Taking only the lines of the data below from the line with "Republics star series" to the line with "幼稚園・保育園「栗原つくし保育園まで213ｍ」", ends included, write them out exactly and without pictures.

INPUT DATA: Begin

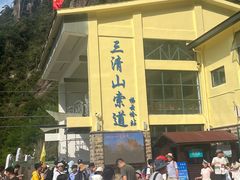 -三清山风景名胜区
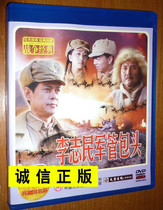 Republics star series Li Zhimin Military Tube Baotou 1DVD Liu Changpure Zhang Zhijian Director: An Lan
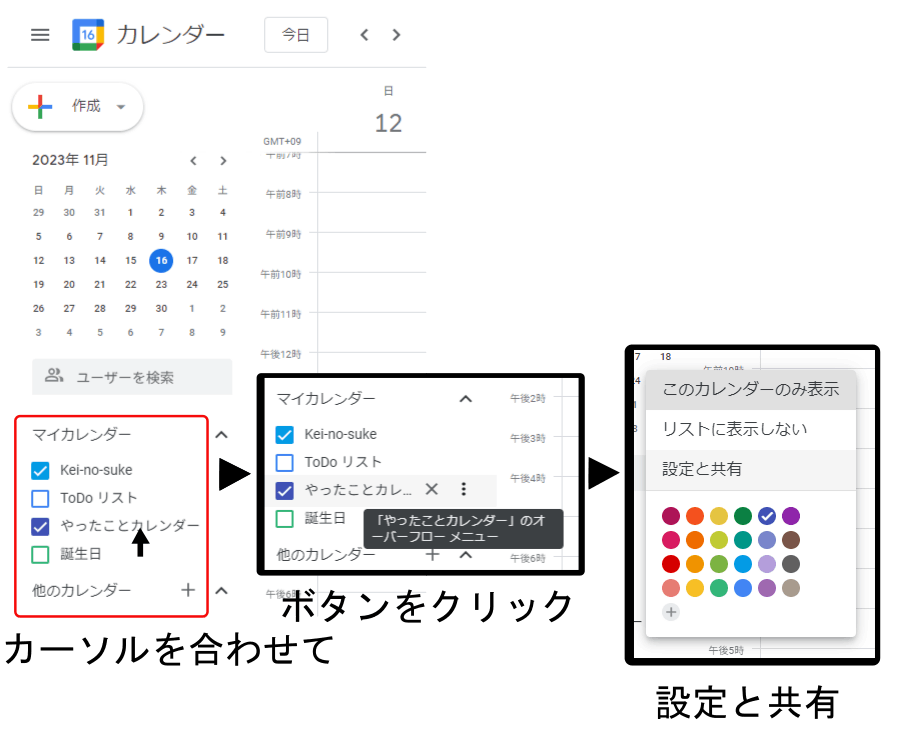 図7. Googleカレンダーの設定と共有ボタン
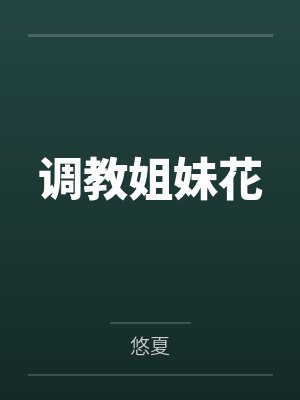 调教姐妹花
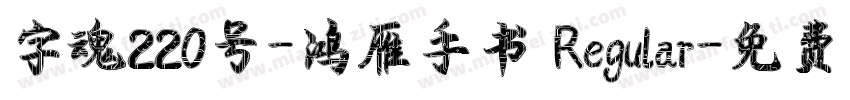 字魂220号-鸿雁手书 Regular字体转换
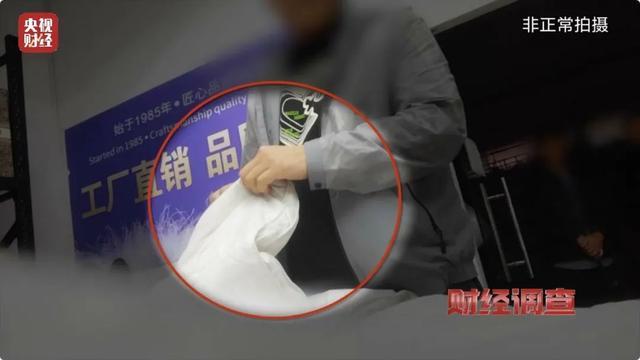 你的孩子可能正在穿！央视曝光羽绒服售假“一条龙"骗局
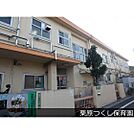 幼稚園・保育園「栗原つくし保育園まで213ｍ」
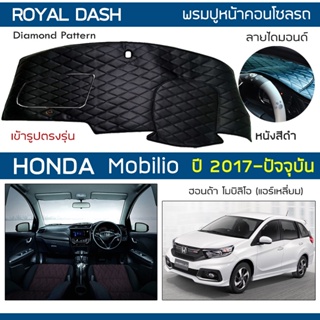 ROYAL DASH พรมปูหน้าปัดหนัง Mobilio ปี 2017-ปัจจุบัน | ฮอนด้า โมบิลิโอ HONDA คอนโซลหน้ารถ ลายไดมอนด์ Dashboard Cover |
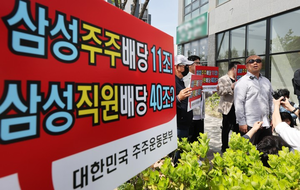 삼전 노조 총파업 일주일 앞…주주단체 “민사 손배소송 등 법적 대응”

INPUT DATA: End

**REPLY:**
 Republics star series Li Zhimin Military Tube Baotou 1DVD Liu Changpure Zhang Zhijian Director: An Lan
 図7. Googleカレンダーの設定と共有ボタン
 调教姐妹花
 字魂220号-鸿雁手书 Regular字体转换
 你的孩子可能正在穿！央视曝光羽绒服售假“一条龙"骗局
 幼稚園・保育園「栗原つくし保育園まで213ｍ」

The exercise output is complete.